- Image-caption web data:
[Start of section]
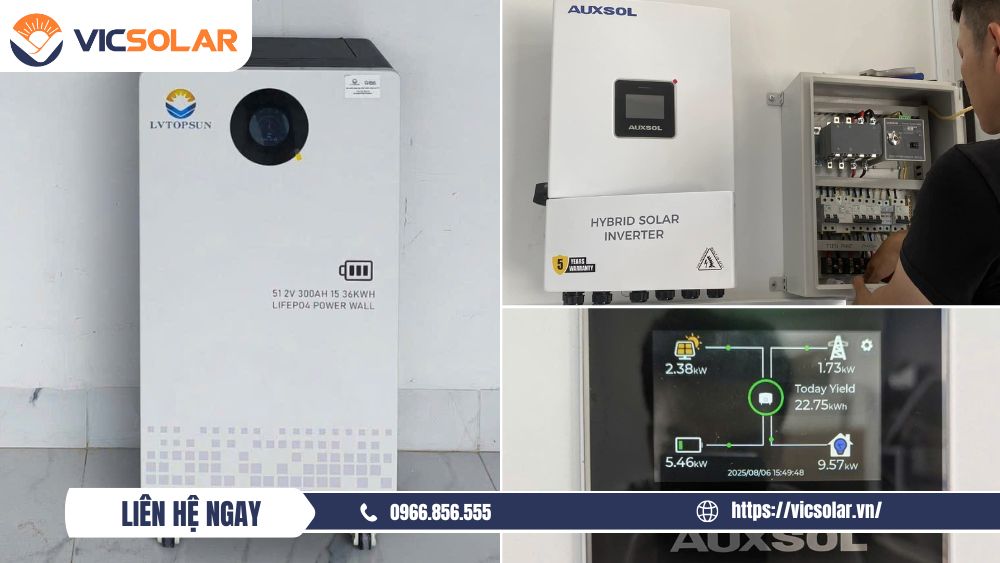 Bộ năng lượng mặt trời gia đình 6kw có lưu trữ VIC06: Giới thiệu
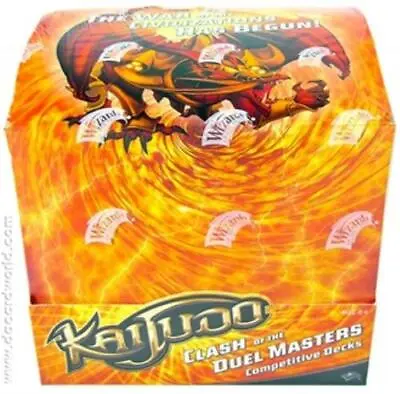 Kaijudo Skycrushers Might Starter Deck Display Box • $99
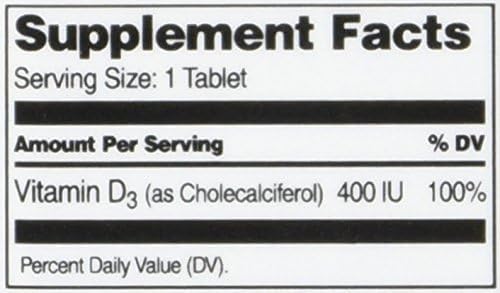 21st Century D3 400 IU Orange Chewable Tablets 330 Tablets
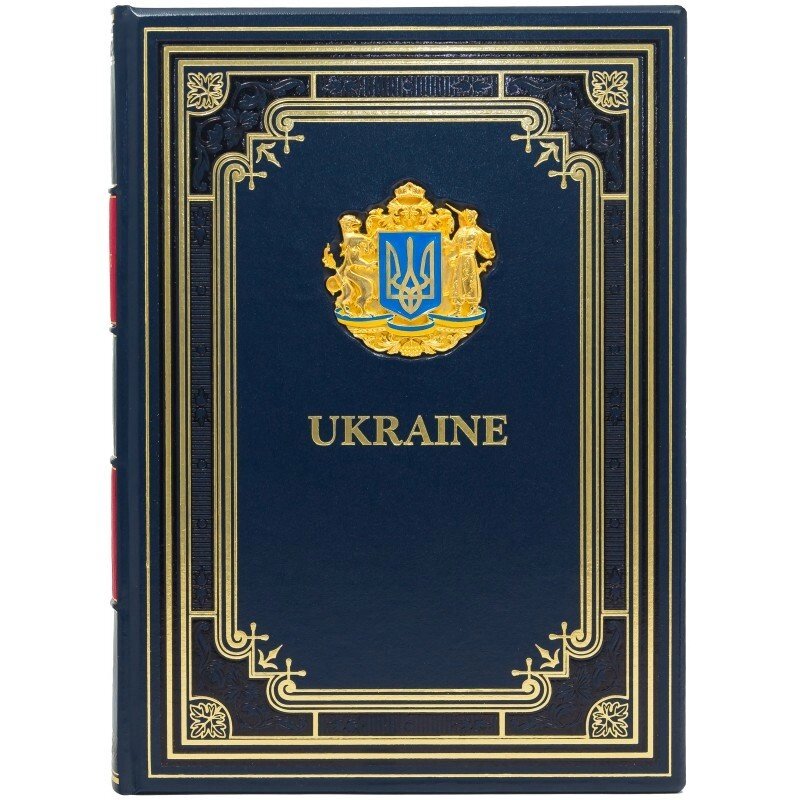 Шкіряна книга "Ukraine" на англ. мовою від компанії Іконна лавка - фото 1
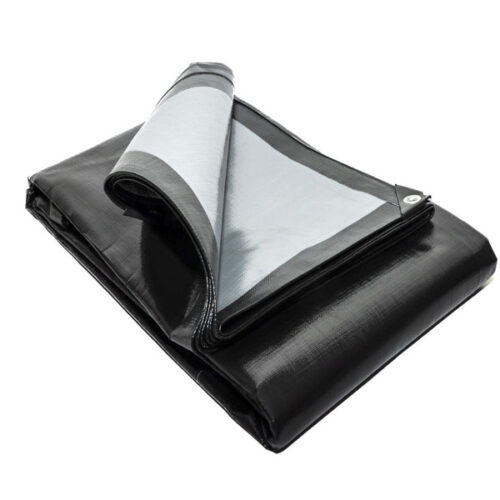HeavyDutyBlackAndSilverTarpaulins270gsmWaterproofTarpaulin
[End of section]
Omit the pictures and write out the remaining data exactly.

- OUTPUT:
 Bộ năng lượng mặt trời gia đình 6kw có lưu trữ VIC06: Giới thiệu
 Kaijudo Skycrushers Might Starter Deck Display Box • $99
 21st Century D3 400 IU Orange Chewable Tablets 330 Tablets
 Шкіряна книга "Ukraine" на англ. мовою від компанії Іконна лавка - фото 1
HeavyDutyBlackAndSilverTarpaulins270gsmWaterproofTarpaulin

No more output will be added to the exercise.